National Students Financial Aid Scheme (NSFAS) 2009/10 Annual Report presentation
Mr Ashley Seymour, Chief Executive Officer, National Student Financial Aid Scheme, apologized for the absence of the Board Chairperson. The National Student Financial Aid Scheme (NSFAS) showed a strong balance sheet that incorporated a conservative impairment and provision for doubtful debt. It also reflected strong growth in bursary awards in 2009/10. NSFAS had received a disclaimer of opinion from the Auditor-General (A-G). This was a result of difficulties with the technical financial reporting requirements, limitations in the debtor management systems and processes, and limited financial skills and capacity within the organisation.
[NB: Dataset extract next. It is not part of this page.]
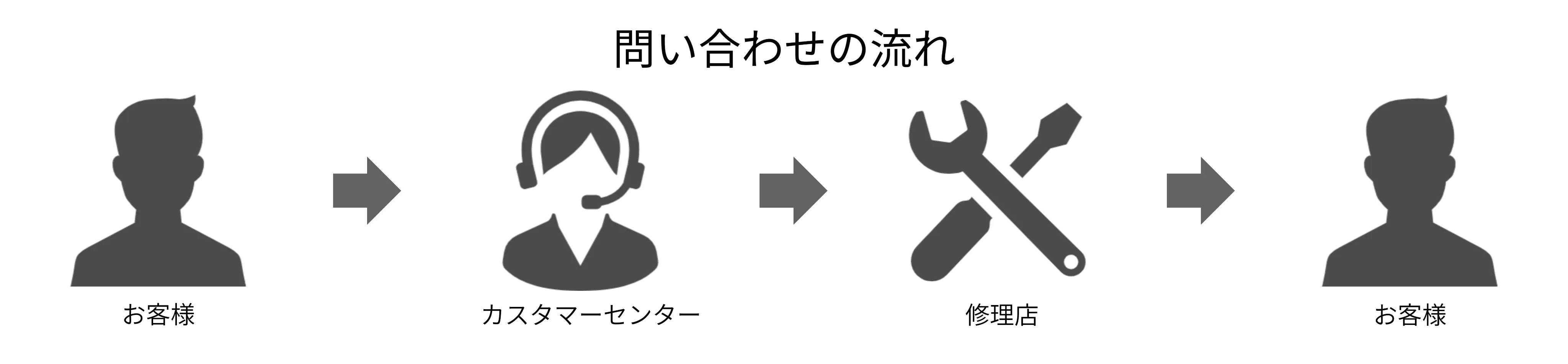 問い合わせの流れ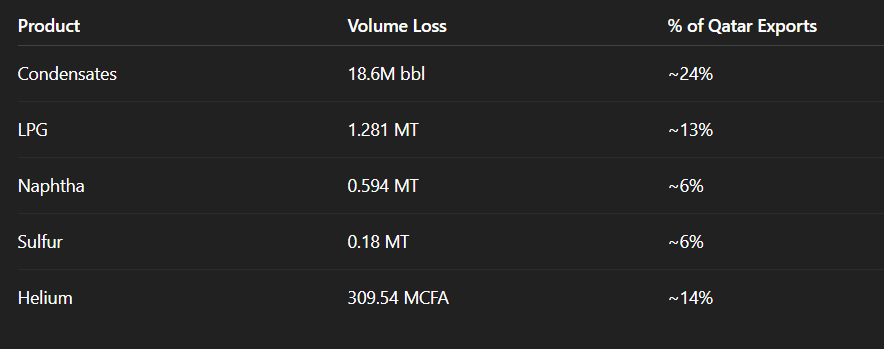 🇷🇺 Vanguard-Veritas🇨🇦 tweet media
This audit outcome was taken very seriously by the Board and management of NSFAS, who had adopted an audit improvement plan.

Mr Seymour outlined that NSFAS would, in terms of this improvement plan, have its finance function reorganised, as the dynamics of NSFAS were equal to those of a medium sized bank, with its increased loan book, and the reorganisation was intended to improve service delivery. Skills improvement was vital to achieve the goal. NSFAS was thus going through an extensive process to secure the kind of skills required, by appointing a number of key staff within the finance area. It had also initiated a data analysis and verification project, policy interventions, and was reviewing the awards administration processes with institutions and colleges. A new automated integrated system would be implemented to replace the legacy database platform, automated systematic validations, including validation of data inputs, would be done, an institutional support team of between three and five skilled individuals would be created, and a graduate development programme would be put into place.

Mr Seymour dealt with performance on the utilisation of funds, which had improved. Only 2% of funds available across all categories had not been used. This reflected the progress in initiatives implemented for monitoring and management of unutilised funds. There was also an improvement regarding the receipting and processing of loan agreement forms and bursary schedules, with 90% being received and 86% being processed. However, NSFAS had not performed up to target on disability funding, spending only 78% of its funds in this area, and needed to work on this. Over the last four years, however, the rand value spend on disability funding remained fairly consistent, and those funds not used here were re-allocated to other funding programmes. The loan book of NSFAS had grown over the past four years.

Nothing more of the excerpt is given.